I believe there was mention somewhere of the Navy using sonar up to 200dB and it actually killed some sea life by exploding their ear drums, maybe they know how the intensity of sound affects the speed of sound. Although the speed of sound in water is a very differnt thing than in air. I can see it now... (use a gruff voice) "Seaman give the ruskies one ping..." PING... "That should do it, they won't be able to hear anything for a while" That was probably the hight of humor duing the cold war, sneaking up an enemy sub and getting them with a nice loud (200dB) PING!

Anyway I have been distracted, other loud (read very loud) things include volcanos erupting, high caliber cannons, and Kali when I step on her. Can anyone find a formula or emperical data that details the speed of loud sounds versus quite sounds I have been curious about this for a long time but haven't found the data. Maybe the one of us who is at a University can get one of the physics grad students to take some data (ah to be able to expense a cannon to the University).

2 comments:

palegreenhorse said...

mmm i'll have to look at the library tomorrow (or is campus still closed tomorrow?) but for now you can read hyper physics' section on sound. specifically the loudness section. it is like university squashed into a very well laid out web page.

Dan said...

Some research has turned up a few interesting things about sound...

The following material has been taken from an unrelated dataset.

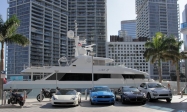 [no_rights] Miami, Floride.<br>Au premier plan, Ferrari, Ford Mustang, Maserati, Porsche.<br>Derrière, le <i>Just J's</i>. Que des moyens de locomotion ordinaires, somme toute.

"Volcano eruptions may be the loudest commonly occurring sounds on Earth, at over 272dB"

Blue Whales can make sound as loud as 188dB.

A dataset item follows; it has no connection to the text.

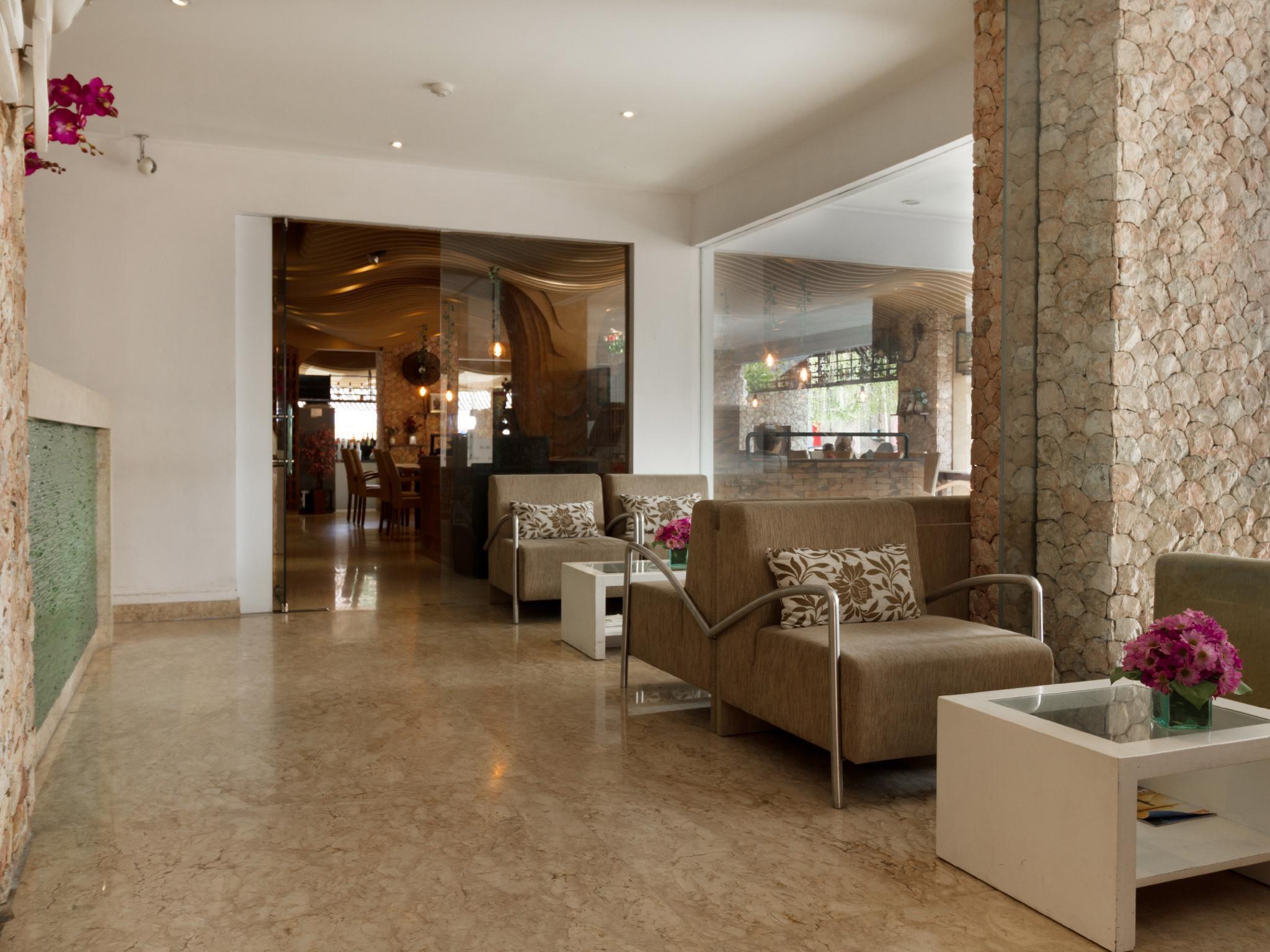 Kuta Angel Hotel - Luxurious Living Exterior photo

The Krakatau eruption in the late 1800's was probably the loudest event in recent history and was heard over 3,000 miles away. This brings up another question about high intensity sound... is it directional? Does it travel at frequencies beyond human hearing and then shift into human hearing? Some lumber workers near Mt. St. Helens when it blew never heard it, yet people in Seattle heard the explosion...??? what's up with that.

All of the velocity of sound approximations are based on air being an ideal gas... well what if it's not an ideal gas? What if the intensity of the sound heats the air and shifts its velocity?

One other interesting note... apparently there exists a nasty little shrimp that can squirt water so hard it forms a caviation bubble that on collapse makes a pop somewhere near 200dB.